Right Of First Refusal: A Contractual Restriction On Transfer Of Shares

Provision under The Companies Act, 2013

No judgments have been cited here, as it has been even 4 months from now, when the act came into force. This does not means we should forget old Companies Act, 1956 which will be applicable for some time and we have to come back for to it in practice; for forensic or other historic purpose.

Given Under Section 56 of the newly drafted act of 2013, which requires A company to register a transfer of securities or interest of members only when such a proper instrument of transfer; duly stamped, dated and executed by or on behalf of the transferor and transferee and specifying the name, address and occupation has been delivered to the company by either party within a period of sixty days from date of execution, along with the certificate of security or the letter of allotment of securities. Free transferability of share is one essential condition for Company form of business, subject to some restrictions under private companies. New Act, deals with substantially.[24]

Section 56 of the new Act also talks about the consequences, if the instrument of transfer which has to be stamped and signed gets lost or not delivered to the place in that case, the company may register the transfer on an indemnity bond.

On receipt of intimation, a company has power to register transmission of any right to securities by operation of law from any person to whom such right has been transmitted.

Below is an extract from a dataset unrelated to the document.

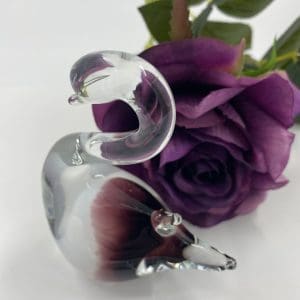 vintage handblown glass swan with flower behind close of side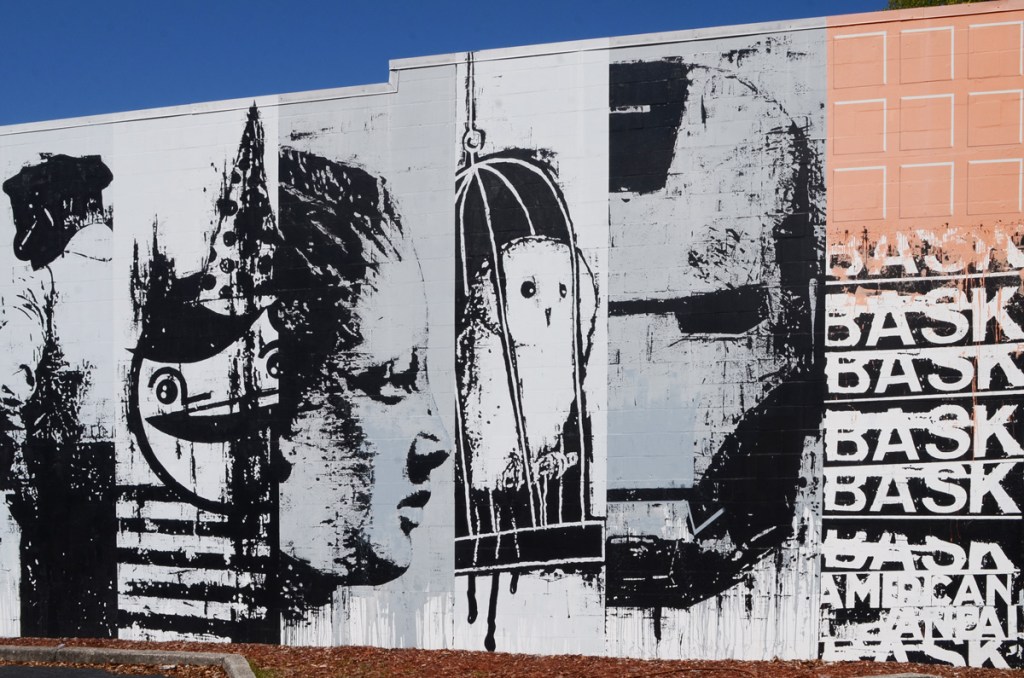 part of a mural by bask, in shades of grey, collage of different pictures, a small white owl in a bird cage, an iron man mask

Where an application is made by transferor alone and relates to partly paid shares, the transfer shall be registered by the company only after giving notice of the application to the transferee, and transferee gives no objection to the transfer within two weeks from the receipt of notice.

The transfer of any security or other interest of a deceased person in a company made by his legal representative shall be valid as if he had been the holder at the time of the execution of the instrument of transfer.

Penal provision (Section 447)

Where any default is made under this section, the company shall be punishable with fine which shall not be less than twenty-five thousand rupees but which may extend to five lakh rupees and every officer of the company who is in default shall be punishable with fine which shall not be less than ten thousand rupees but which may extend to one lakh rupees liable under section 447 of the Act.

Punishment for personation of shareholder (Section 57)

If any person deceitfully personates as an owner of any security or interest in a company, or of any share warrant or coupon issued in pursuance of this Act, and thereby obtains or attempts to obtain any such security or interest or any such share warrant or coupon, or receives or attempts to receive any money due to any such owner, he shall be punishable with imprisonment for a term which shall not be less than one year but which may extend to three years and with fine which shall not be less than one lakh rupees but which may extend to five lakh rupees.

Simply, any person, who deceitfully represent himself as holder of any security or interest in a company shall be punishable with imprisonment and with fine, minimum fine being one lakh rupees.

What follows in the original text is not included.